* [What is needed]:
Your response should consist of the entries below, reproduced exactly and without their images.

* [Entries provided]:
================================

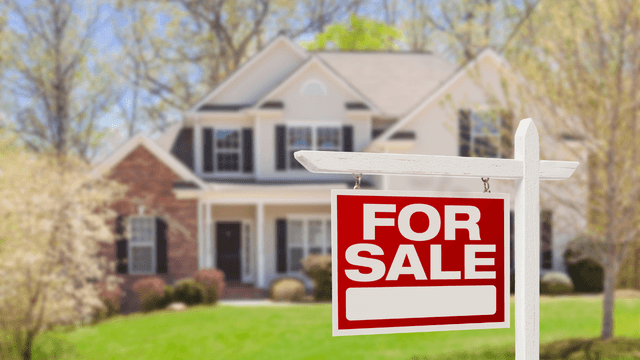Selling and buying homes transition
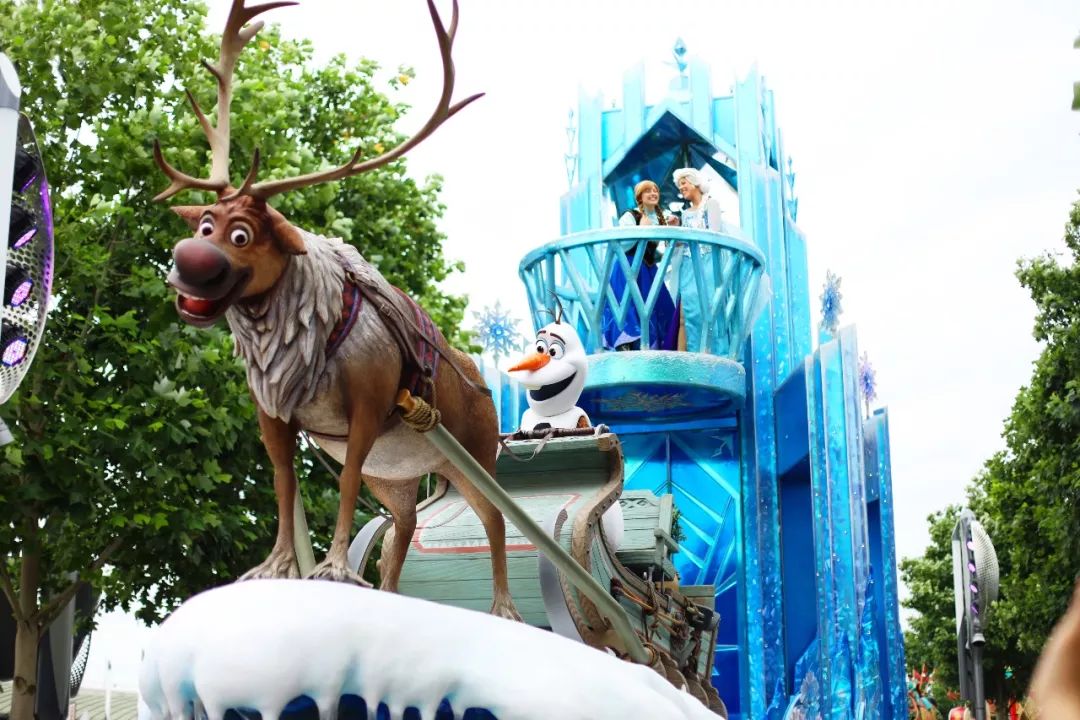 去上海迪士尼花了一萬(情侶去上海迪士尼大概多少錢)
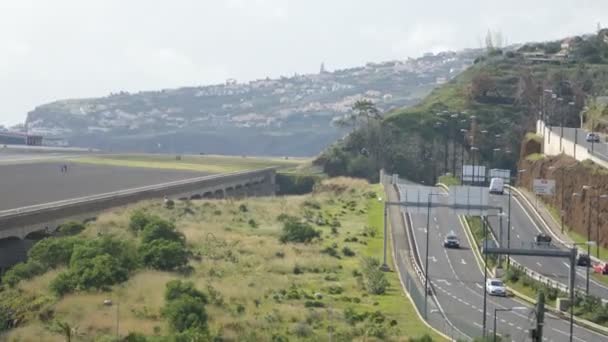 Niesamowita konstrukcja pasa startowego Madery 4K Ultra HD — Wideo stockowe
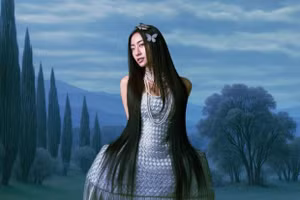 Hoa hậu Lương Thùy Linh đẹp ma mị trong loạt ảnh mới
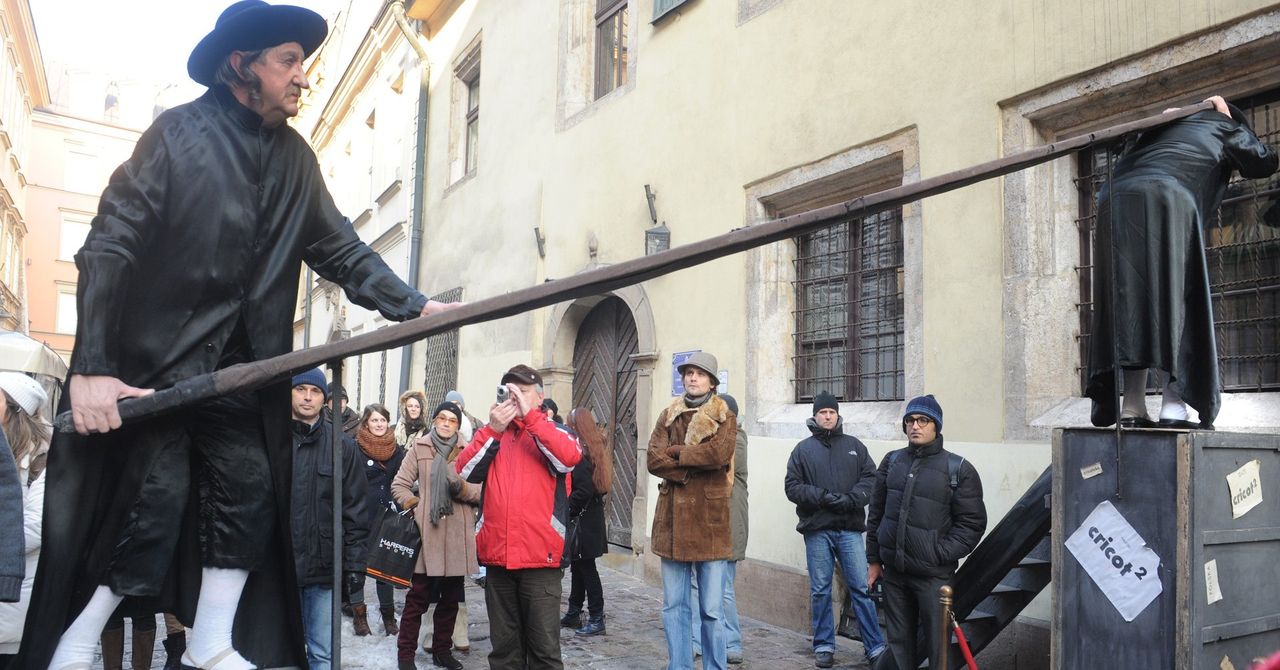 Kraków: Żywe pomniki na Kanoniczej przechodzą do historii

================================

* [Exercise output]:
Selling and buying homes transition
 去上海迪士尼花了一萬(情侶去上海迪士尼大概多少錢)
 Niesamowita konstrukcja pasa startowego Madery 4K Ultra HD — Wideo stockowe
 Hoa hậu Lương Thùy Linh đẹp ma mị trong loạt ảnh mới
 Kraków: Żywe pomniki na Kanoniczej przechodzą do historii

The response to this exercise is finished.